This is continued from Part 1, posted previously.
I mentioned earlier that the services layer is where we’ve seen the most work happen in mobile ministry. Part of that is because of the maturity of that layer, the accessibility of that layer due to (simply) the existence of the Internet, and the (usually) generous offering of compatible APIs between services and some families of devices. This allows the ministry/organization/individual developer to focus on making sure things plug together neatly, and they can put more energy towards the experience that is to be gained from using their application.
But what if you want to focus on the device layer? What are you in for? Let’s just look at a few device platforms that you could support:
- iOS (Apple)
- RIM (BlackBerry 5, 6, and 7)
- Android (1.6, 2.1, 2.2, 3 (Honeycomb), and now Ice Cream Sandwich which has no version number and spans several device form factors both mobile and not)
- Windows (WM 6, 6.5, Phone 7, and Phone 7.5)
- Nokia (S40, S60 Feature Pack 2, Symbian^1, Symbian 3, Qt 4.5)
- Brew (incompatibilities across carriers)
- HP (WebOS 2, 2.1)
- Samsung (Bada, Bada 2)
- And several mobile devices which use proprietary OSes that cannot be developed for directly, but are sometimes enabled on the carrier-level for some services (see the graphic in this Vision Mobile article for details)
And that’s just what I could name off the top of my head.

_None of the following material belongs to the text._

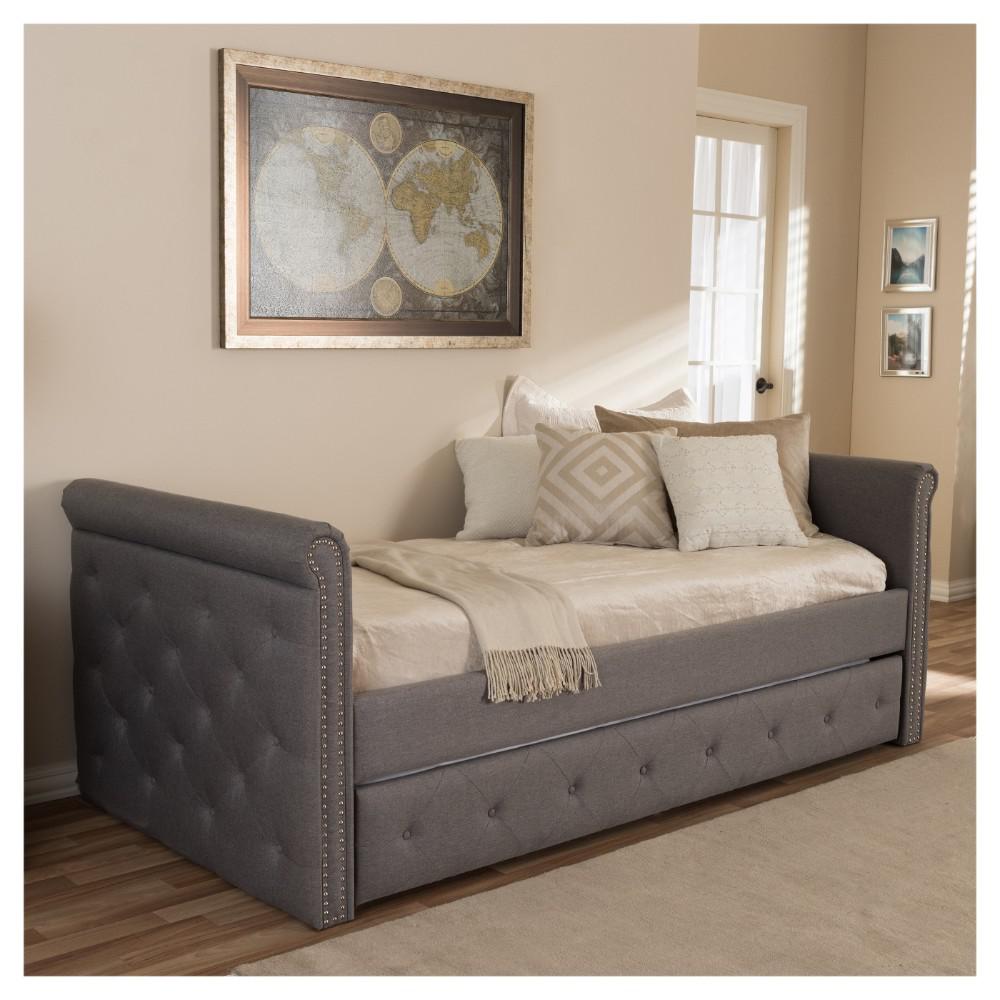 Baxton Studio Swamson Gray Trundle Day Bed 28862-7040-HD - The Home Depot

You can’t focus on the “mobile = devices” meme. You can’t even let that maintain more than 1/3 of your thoughts on mobile. When you do, what happens is that you start to make smaller the addressable persons who would be able to successfully utilize produced content, or even enable them to produce content for themselves.
Let’s say that you want to focus on the services layer. What are you in for here? A small list again:
- HTML (4 and 5; devices support different and mismatching pieces of these)

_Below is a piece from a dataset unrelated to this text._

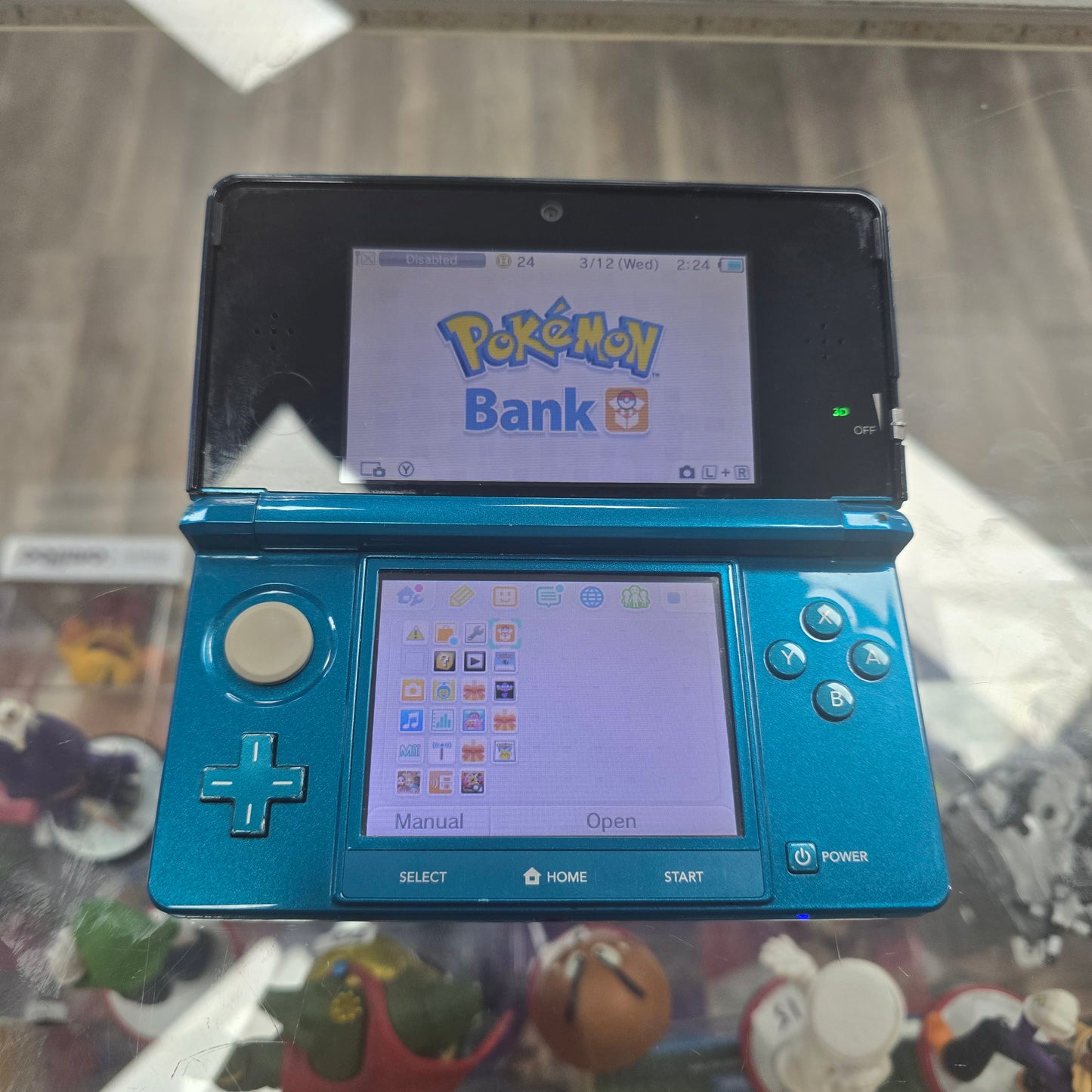Aqua Blue Nintendo 3DS Handheld System with Charger (Has Pokémon Bank)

- SMS (MMS, shortcodes, carrier-specific rules, analytics that matter, etc.)
- APIs to default applications (requires platform-specific SDK)

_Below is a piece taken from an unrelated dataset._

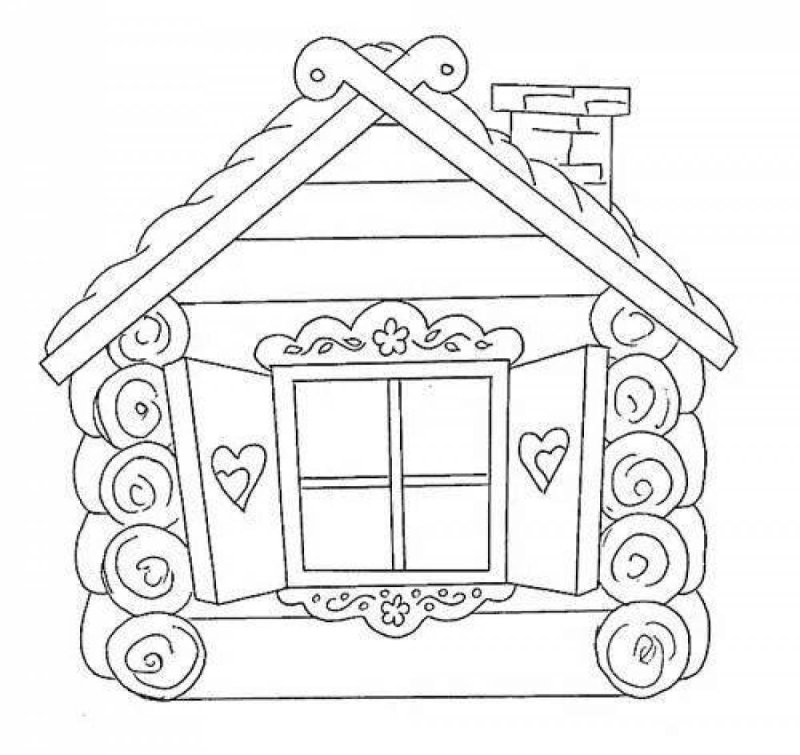 Домик из сказки Теремок раскраска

- APIs to web services such as Facebook, Twitter, etc. (read the terms of service for what you are able to access and what compromises you or consumers might have with these).
- Content Management Systems
Again, just a few pieces. But you can’t just say “go SMS” and not also be cognizant of the fact that SMS broadcasting rules are different in various countries/carriers. You also need to be able to scope carefully what your entire workflow will be for that communication from the creation of the message, to what happens with the data about that consumer, to expectations for them and your organization.
I’d go into experiences, but you might be getting it now – you can’t just think about mobile as some isolated channel. It isn’t isolated, and the entire mobile definition is predicated on the synergy of devices, services, and experiences.
The potential of mobile is that there are 5.3 billion accessible persons who can be touched in some way by a carrier of the Gospel. The realistic assessment is a lot smaller, and requires more than just a passion for the theological command. Our passions also have to account for the ability to get to the message in an accessible manner. That’s more than a device. And ultimately, it requires us getting on a deeper level than the channel itself.